----- Given entries -----

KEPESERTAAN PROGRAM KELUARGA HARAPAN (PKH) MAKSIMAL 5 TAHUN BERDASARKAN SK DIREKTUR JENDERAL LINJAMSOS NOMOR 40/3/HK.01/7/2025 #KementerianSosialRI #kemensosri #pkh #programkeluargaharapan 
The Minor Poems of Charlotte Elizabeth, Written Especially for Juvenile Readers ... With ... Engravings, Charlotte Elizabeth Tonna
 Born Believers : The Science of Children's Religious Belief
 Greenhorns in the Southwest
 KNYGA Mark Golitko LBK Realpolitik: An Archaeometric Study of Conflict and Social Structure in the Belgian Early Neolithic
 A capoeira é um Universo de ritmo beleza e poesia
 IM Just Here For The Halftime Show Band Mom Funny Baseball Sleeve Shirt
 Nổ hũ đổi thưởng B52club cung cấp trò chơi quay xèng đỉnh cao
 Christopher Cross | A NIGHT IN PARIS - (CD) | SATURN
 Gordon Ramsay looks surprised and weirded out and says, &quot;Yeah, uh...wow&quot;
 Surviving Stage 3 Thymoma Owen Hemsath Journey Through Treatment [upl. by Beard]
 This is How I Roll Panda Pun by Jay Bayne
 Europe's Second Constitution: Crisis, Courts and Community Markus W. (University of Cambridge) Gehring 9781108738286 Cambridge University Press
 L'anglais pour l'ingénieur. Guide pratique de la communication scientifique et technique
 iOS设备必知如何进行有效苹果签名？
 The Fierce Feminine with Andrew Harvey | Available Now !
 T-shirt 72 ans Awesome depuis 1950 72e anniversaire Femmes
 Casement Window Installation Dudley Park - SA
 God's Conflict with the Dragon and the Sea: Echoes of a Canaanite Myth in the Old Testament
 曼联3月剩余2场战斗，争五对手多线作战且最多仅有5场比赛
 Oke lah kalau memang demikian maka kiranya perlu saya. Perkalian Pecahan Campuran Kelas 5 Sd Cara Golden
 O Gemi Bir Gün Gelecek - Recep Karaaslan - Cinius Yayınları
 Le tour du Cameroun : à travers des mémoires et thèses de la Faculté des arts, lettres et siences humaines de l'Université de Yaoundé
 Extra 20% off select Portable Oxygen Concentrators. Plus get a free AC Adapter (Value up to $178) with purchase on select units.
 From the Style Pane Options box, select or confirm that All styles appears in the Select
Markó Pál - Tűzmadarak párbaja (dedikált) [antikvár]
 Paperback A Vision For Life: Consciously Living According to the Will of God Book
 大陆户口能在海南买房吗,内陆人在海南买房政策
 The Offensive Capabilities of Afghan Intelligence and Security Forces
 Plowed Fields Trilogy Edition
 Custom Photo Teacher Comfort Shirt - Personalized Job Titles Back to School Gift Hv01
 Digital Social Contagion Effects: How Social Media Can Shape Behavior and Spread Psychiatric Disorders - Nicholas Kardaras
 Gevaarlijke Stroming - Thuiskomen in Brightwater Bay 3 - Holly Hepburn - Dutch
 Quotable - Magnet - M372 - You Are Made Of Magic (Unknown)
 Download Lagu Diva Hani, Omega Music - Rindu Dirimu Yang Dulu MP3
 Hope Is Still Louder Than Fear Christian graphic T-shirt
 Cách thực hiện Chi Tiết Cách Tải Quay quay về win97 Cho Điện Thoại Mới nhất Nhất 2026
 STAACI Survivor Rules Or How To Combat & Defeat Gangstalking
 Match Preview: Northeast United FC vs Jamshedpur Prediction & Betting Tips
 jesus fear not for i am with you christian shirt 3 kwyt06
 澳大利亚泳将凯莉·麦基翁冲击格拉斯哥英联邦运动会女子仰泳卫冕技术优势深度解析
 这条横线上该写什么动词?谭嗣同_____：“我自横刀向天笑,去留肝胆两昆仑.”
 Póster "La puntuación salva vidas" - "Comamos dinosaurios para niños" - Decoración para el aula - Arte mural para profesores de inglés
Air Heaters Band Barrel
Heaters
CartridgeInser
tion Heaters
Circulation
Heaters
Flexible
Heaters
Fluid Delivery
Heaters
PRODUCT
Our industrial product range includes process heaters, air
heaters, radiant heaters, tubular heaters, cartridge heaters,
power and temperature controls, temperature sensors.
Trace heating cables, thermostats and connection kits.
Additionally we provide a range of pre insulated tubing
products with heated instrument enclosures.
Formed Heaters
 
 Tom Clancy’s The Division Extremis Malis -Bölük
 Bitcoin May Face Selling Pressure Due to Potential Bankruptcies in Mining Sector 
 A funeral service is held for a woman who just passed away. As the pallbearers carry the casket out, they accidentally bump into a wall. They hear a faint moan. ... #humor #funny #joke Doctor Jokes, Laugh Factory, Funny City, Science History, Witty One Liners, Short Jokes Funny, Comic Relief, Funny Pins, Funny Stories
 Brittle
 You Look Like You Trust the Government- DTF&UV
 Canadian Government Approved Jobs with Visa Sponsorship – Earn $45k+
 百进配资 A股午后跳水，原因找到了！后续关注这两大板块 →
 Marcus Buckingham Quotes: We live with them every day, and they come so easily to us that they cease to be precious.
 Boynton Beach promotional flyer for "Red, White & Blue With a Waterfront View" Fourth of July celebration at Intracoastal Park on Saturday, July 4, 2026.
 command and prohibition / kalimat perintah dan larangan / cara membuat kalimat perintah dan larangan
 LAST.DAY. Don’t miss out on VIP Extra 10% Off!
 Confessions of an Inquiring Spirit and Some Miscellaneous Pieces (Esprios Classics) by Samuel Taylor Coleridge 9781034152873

-----

Problem statement: Find where the line with "iOS设备必知如何进行有效苹果签名？" sits in the material above, then copy exactly from it through the line with "Oke lah kalau". Add no other line.

Your solution:
 iOS设备必知如何进行有效苹果签名？
 The Fierce Feminine with Andrew Harvey | Available Now !
 T-shirt 72 ans Awesome depuis 1950 72e anniversaire Femmes
 Casement Window Installation Dudley Park - SA
 God's Conflict with the Dragon and the Sea: Echoes of a Canaanite Myth in the Old Testament
 曼联3月剩余2场战斗，争五对手多线作战且最多仅有5场比赛
 Oke lah kalau memang demikian maka kiranya perlu saya. Perkalian Pecahan Campuran Kelas 5 Sd Cara Golden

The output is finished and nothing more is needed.